[LU-16232] emergency llog cleanup server scripts Created: 11/Oct/22 Updated: 31/Aug/23 Resolved: 30/May/23 |
|
| Status: | Resolved |
| Project: | Lustre |
| Component/s: | None |
| Affects Version/s: | None |
| Fix Version/s: | Lustre 2.16.0 |
| Type: | Improvement | Priority: | Minor |
| Reporter: | Mikhail Pershin | Assignee: | Mikhail Pershin |
| Resolution: | Fixed | Votes: | 0 |
| Labels: | None | ||
| Attachments: |
|
||||
| Issue Links: |
|
||||
| Rank (Obsolete): | 9223372036854775807 | ||||
| Description |
|
There can be situations when update llog or changelog files are corrupted and we are just removing/truncating them. Scripts are needed to remove corrupted llogs properly with all plain llogs, so no orphaned data remains on server |
| Comments |
| Comment by Mikhail Pershin [ 12/Oct/22 ] |
|
Copied from EX-4969: For both scripts the steps to cleanup problematic llogs are:
# bash remove_(changelog|updatelog) -n <ldiskfs_mount>
# bash remove_(changelog|updatelog) -n -z /tmp/llogs_saved <ldiskfs_mount>
# ls -ali /tmp/llogs_saved.tar.gz # tar -tf /tmp/llog_saved.tar.gz
# bash remove_(changelog|updatelog) <ldiskfs_mount> Note: for better llogs compression xz can be used as well, pass it to the script via GZIP env variable: # GZIP=xz bash remove_(changelog|updatelog) -n -z /tmp/llogs_saved <ldiskfs_mount> Archive name will ends with .xz in that case instead of .gz |
| Comment by Gerrit Updater [ 12/Oct/22 ] |
|
"Mikhail Pershin <mpershin@whamcloud.com>" uploaded a new patch: https://review.whamcloud.com/c/fs/lustre-release/+/48838 |
| Comment by Gerrit Updater [ 02/Nov/22 ] |
|
"Oleg Drokin <green@whamcloud.com>" merged in patch https://review.whamcloud.com/c/fs/lustre-release/+/48838/ |
| Comment by Peter Jones [ 02/Nov/22 ] |
|
Landed for 2.16 |
| Comment by Andreas Dilger [ 23/Dec/22 ] |
|
In further discussion, it would be useful to allow a "-m <mdt_index>" argument to the script to have it selectively delete only the update logs for the specified MDT index. Otherwise, if the script is run on a remote MDT, then it will delete the update logs for all other MDTs, and then those MDTs will then have issues during operation and/or later recovery. |
| Comment by Chris Hunter (Inactive) [ 09/Jan/23 ] |
|
I receive an error message when using the script: ./remove_updatelog.lu16232.sh: line 100: syntax error near unexpected token `<' ./remove_updatelog.lu16232.sh: line 100: ` read -r -d '' -a OPT_MDTS < <(hexdump -v -e '2/8 " %16x" 2/8 "\n"' $catlist |' appears to be an issue with shell pipe read -r -d '' -a OPT_MDTS < <(hexdump -v -e '2/8 " %16x" 2/8 "\n"' $catlist | awk '{print "[0x"$2":0x"$1":0x0]"}')
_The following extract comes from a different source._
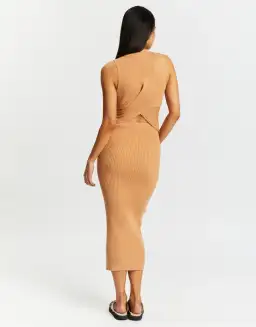 Aere Twist Waist Knit Dress Caramel Brown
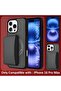 iPhone 16 Pro Max Case with Detachable Card Holder, Carbon Fiber Texture (Black) - 7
instead of read -r -d '' -a OPT_MDTS <<< $(hexdump -v -e '2/8 " %16x" 2/8 "\n"' $catlist | awk '{print "[0x"$2":0x"$1":0x0]"}')
|
| Comment by Mikhail Pershin [ 09/Jan/23 ] |
|
Chris, try it with bash : # bash ./remove_updatelog The syntax of '< <()' correct in bash (that is process substitution, creates temp file and redirects from it) but may be not in other shells. Your proposal is possible replacement so it is worth to update script in that manner but for now just call bash explicitly |
| Comment by Gerrit Updater [ 06/Apr/23 ] |
|
"Mikhail Pershin <mpershin@whamcloud.com>" uploaded a new patch: https://review.whamcloud.com/c/fs/lustre-release/+/50558 |
| Comment by Mikhail Pershin [ 25/Apr/23 ] |
|
I've just added to the ticket another script which allows to collect update logs on live server node by using debugfs. It helps to get llogs for further analysis and replace multiple commands need to be executed for that |
| Comment by Gerrit Updater [ 06/May/23 ] |
|
"Yang Sheng <ys@whamcloud.com>" uploaded a new patch: https://review.whamcloud.com/c/fs/lustre-release/+/50876 |
| Comment by Gerrit Updater [ 19/May/23 ] |
|
"Oleg Drokin <green@whamcloud.com>" merged in patch https://review.whamcloud.com/c/fs/lustre-release/+/50558/ |
| Comment by Gerrit Updater [ 31/Aug/23 ] |
|
"Oleg Drokin <green@whamcloud.com>" merged in patch https://review.whamcloud.com/c/fs/lustre-release/+/50876/ |